Thirianna turned, as did many of the eldar moving into the town. A patch of air was alive with psychic energy, like fire crawling along an ember. The scent of blood, of charring flesh and melting iron filled the air, and again Thirianna was forced to fight back against her rising war
-mask.
In the skein it had only been the Avatar’s potential that she had fought against. Here she struggled against its actuality, with her mind still open like a portal left unlocked.
Waves of anger and hatred poured into her. Her witchblade threw itself out of its sheath into her hand, crackling with psychic energy, its edge keening for blood. As the air split and a coruscating ring of fire appeared, Thirianna gritted her teeth and fought back the urge to slay and maim.
Feeling her will buckling as the Avatar approached, Thirianna became desperate. She ripped her mind free from the skein altogether, letting the barriers of her mind slam back into place, shutting her off from the deluge of rage. She fought to stay conscious, blood pounding through her veins, vision swimming.
The Avatar stepped from its portal, trailing smoke and sparks.
More than twice the height of Thirianna, the incarnation of the war god was a towering creature of metal and flame. The air around the Avatar recoiled from its heat, causing smoke and steam to writhe wildly. Psychic energy emanated from the creature, bringing a distant screaming and wailing to the edge of hearing. Its body was of ancient iron, a form of shifting plates barely holding in check the fiery being within.

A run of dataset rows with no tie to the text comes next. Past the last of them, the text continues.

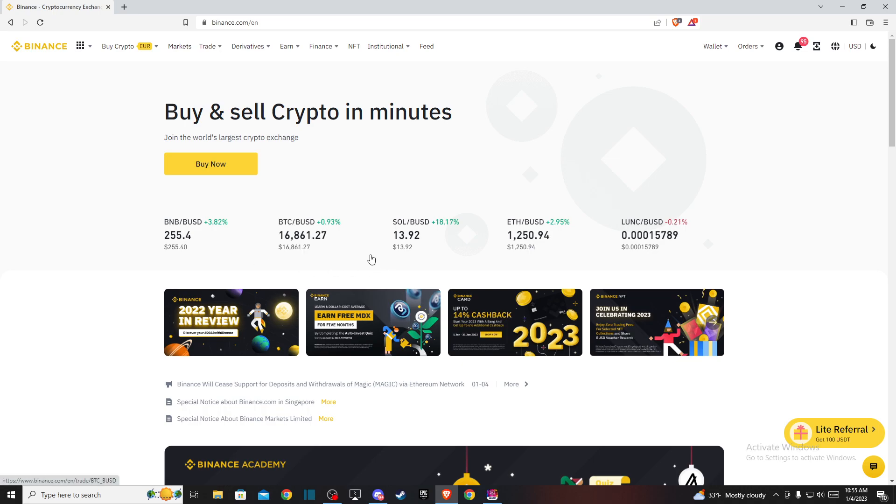Hey guys, in this video I will show you how to convert SLP coin to BTC on Binance. It's quite easy and straightforward, so let me show you how.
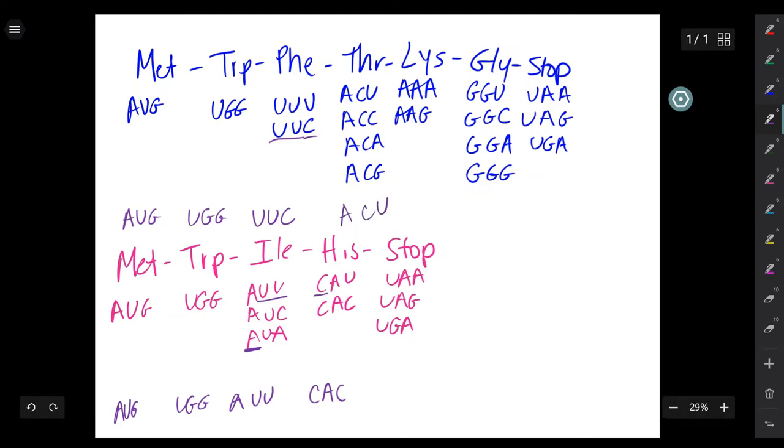It is also worth noting that lysine, glycine, and the stop codon have multiple sequences that can code for them.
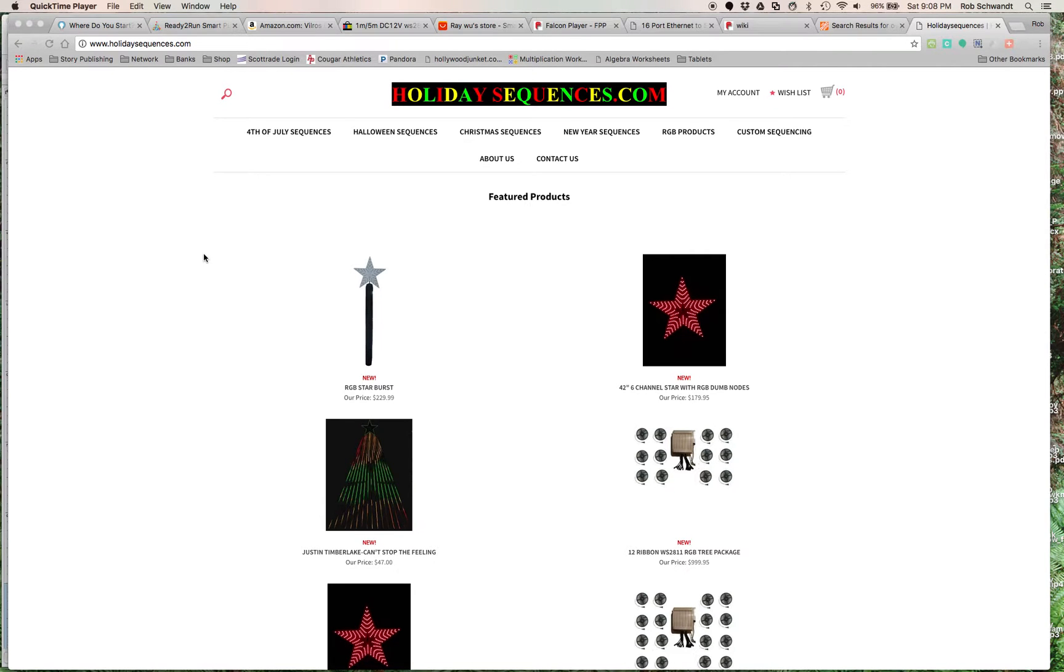All right, so this video, a part of my whole Christmas tree light sequencing series, this is the part where we go from, okay, so I know what I'm buying and I know kind of the dream of what I want, so how do I actually make it happen?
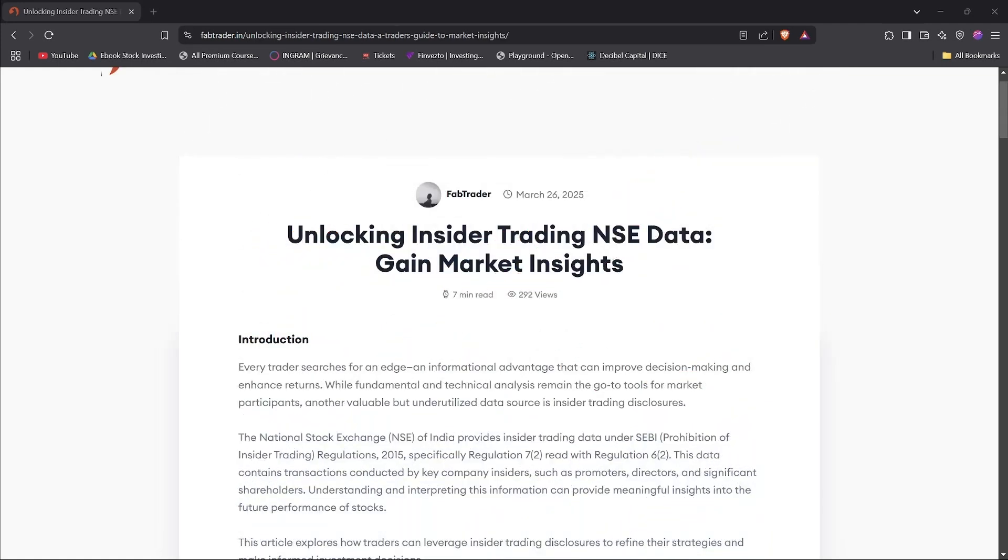In this video, I'll talk about one of the recent announcements I made to the utility. And it's all about fetching the insider trading, or sometimes it's called the promoter trading data from NSE website. So what is this insider trading data? And let's take a deeper look.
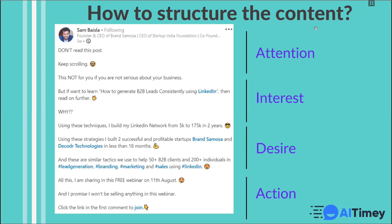Like, if he can do that, we can also do that, and we want leads. The next part covers Desire: 'Using these strategies, I built two successful and profitable startups — Brandsmosa and Decor Technologies — in less than 18 months. These are similar tactics we use to help 50 plus B2B clients and 200 plus individuals in lead generation, branding, marketing, and sales using LinkedIn.' These numbers maintain social proof — 50 B2B clients have done that, 200 plus individuals have done that, and I also want to do that. The desire is created. Then the Action: 'All this I am sharing in this free webinar on 11th August, and I promise I won't be selling anything. Click the link in the first comment to join.' The call-to-action statement is there. That is how you should structure your content.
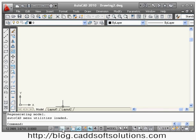Among the switches, we have already seen orthomode — using it you can make it on and off. Orthomode creates a straight line, which we covered in our first tutorial. Next is polar tracking.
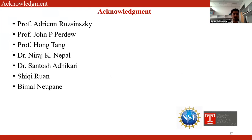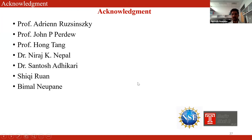At the end, I would like to thank my advisor Professor Adrian Ruzinski, Professor John P. Perdew, and Professor Hong Tang. I'd like to thank Dr. Neeraj Nepal for all the help, Dr. Santosh Adhikari, and my colleagues Sikhi Ruan and Vimal Neupane. I would also like to thank my funding agency and XSEDE for providing all the resources to do the calculations. Thank you.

A cloak of red cloth and flame trailed from its shoulders, held in place by a pin shaped like a long dagger. In its right hand, the Avatar held aloft a spear of immense proportion, its triangular head engraved with runes that burned with white flame. The weapon shrieked its bloodthirst – the Wailing Doom. The Avatar’s left hand formed an enormous iron fist, blood dripping and steaming from its spiked knuckles.
Eyes of fire turned on Thirianna, who backed away from the apparition. The Avatar’s gaze pierced her spirit for a moment, burning through her mental defences, bringing forth flashes of dying aliens and slain beasts – memories long repressed. The Avatar turned its head away and Thirianna let out a gasp of relief.
Leaving smoking footprints in its wake, the Avatar strode into the town, the eldar following close behind.
The eldar attack struck like lightning.
Guided by the web-beacons and signalled by Kelamith, the warriors that had remained in the webway opened temporary portals around the centre of Hirith-Hreslain. Tiny stars expanded into glowing gateways through which Dire Avengers, Howling Banshees and Fire Dragons stormed.
Power swords gleamed in the darkness of the night; the whisper of shurikens echoed from the white walls of the half-ruined town; the blaze of thermal guns and detonating plasma grenades lit up the plazas and streets. The orks, many of them still slumbering, died in their dozens to the sudden assault.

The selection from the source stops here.